Throughout 2017, New Japan Pro Wrestling have been steadily expanding into the American market. Since last Wrestle Kingdom, we’ve seen:
- The G1 Special in Long Beach, CA, NJPW’s first independently produced USA show;
- The creation of the IWGP United States Championship;
- The crowning of Kenny Omega, widely renowned for his skill and appealing to fans who can’t connect with a lack of English promos, as the first champion;
- Bullet Club and The Elite merchandise sold alongside WWE merch at Hot Topic and reportedly selling extremely well;
- An expansion of “Being the Elite,” which is an independent venture of Omega/Cody/the Bucks/Hangman but still certainly in this trans-Pacific bubble;
- And, most shockingly, the reveal that Kenny Omega’s opponent at Wrestle Kingdom 12 would be Chris Jericho.
For a company who rarely ventured outside of Japan without using Ring of Honor as their entry point, these are all individually big deals and collectively a huge one, which makes an above-average number of eyes on Wrestle Kingdom 12 – if not live, then definitely two days later on AXS TV.
New Japan showing their biggest event of the year for free on a pretty widely-broadcasted channel, even on tape delay, is massive as a bid for new viewers, and I hope it’ll be a successful one.

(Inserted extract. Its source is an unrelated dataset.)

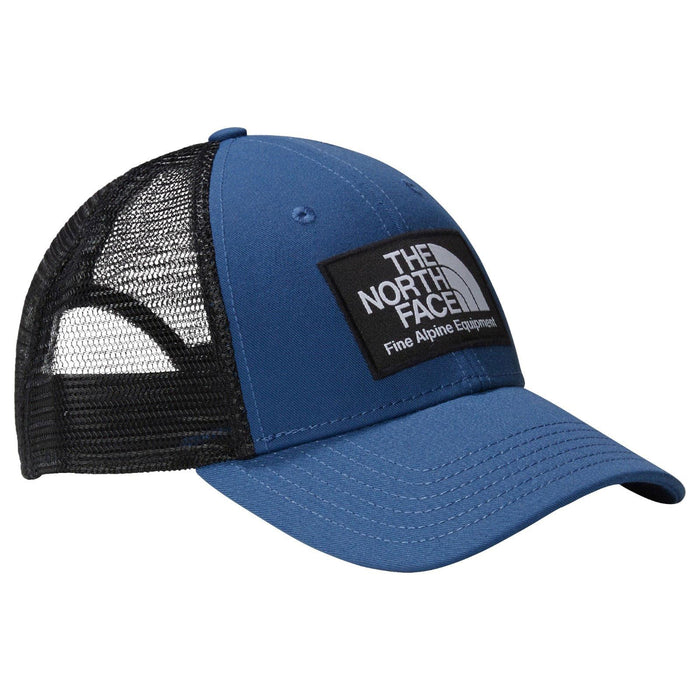 The North Face Mudder Trucker Quick-Drying Adjustable Cap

Folks may have been into NJPW but not willing to commit to their streaming platform; folks may have just lived in a pure WWE bubble their whole lives, however unlikely the internet makes that; folks might simply be channel-hopping and land on AXS. But this gambit has potential to be hugely successful.
This is a card full of wrestlers who an American audience, from casual to hardcore-but-not-NJPW-level-hardcore, can either recognize or quickly become invested in:
The Cody formerly known as Rhodes is a familiar face for WWE-only viewers (or Arrow fans), and pairing him with Kota Ibushi – who non-NJPW watchers may recognize from Ring of Honor and the Cruiserweight Classic – is sure to produce an entertaining and high-quality match to show off both of them.
Chris Jericho is a name that sells itself in wrestling.
Kenny Omega is coming off a year of tremendous buzz from his 6-star trilogy with Okada, as well as being a major focus of the G1 Special in Long Beach. Okada himself has been gathering more and more acclaim as a GOAT contender at barely thirty years old and, while he may not be recognizable to American non-viewers, his presence speaks for itself.
Naito is a character who will instantly appeal to American audiences; he is both an underdog trying to reclaim the main event he lost because of the fans four years ago and an unrepentant a-hole who destroys his belts, doesn’t care about anyone in the audience who isn’t cheering for him, and represents a kind of rebellion that, while designed for Japanese society, slots nicely into America’s as well. He’s a man at the end of a nearly half-decade long arc, and while that may be lost on new eyes, Naito has consistently proven himself hard to look away from.
With Minoru Suzuki, Will Ospreay, pretty much the entire Bullet Club, and former company ace Hiroshi Tanahashi also on the card, there’s no shortage of talent to become a new fan of.
Over 2017, NJPW has been bravely venturing into a new market, strategically placing focus on their most “America-marketable” stars. And now, in what will be the first great wrestling show of 2018, Wrestle Kingdom 12 is poised to complete phase one of what could become a full-on invasion.
A little competition never hurt anybody.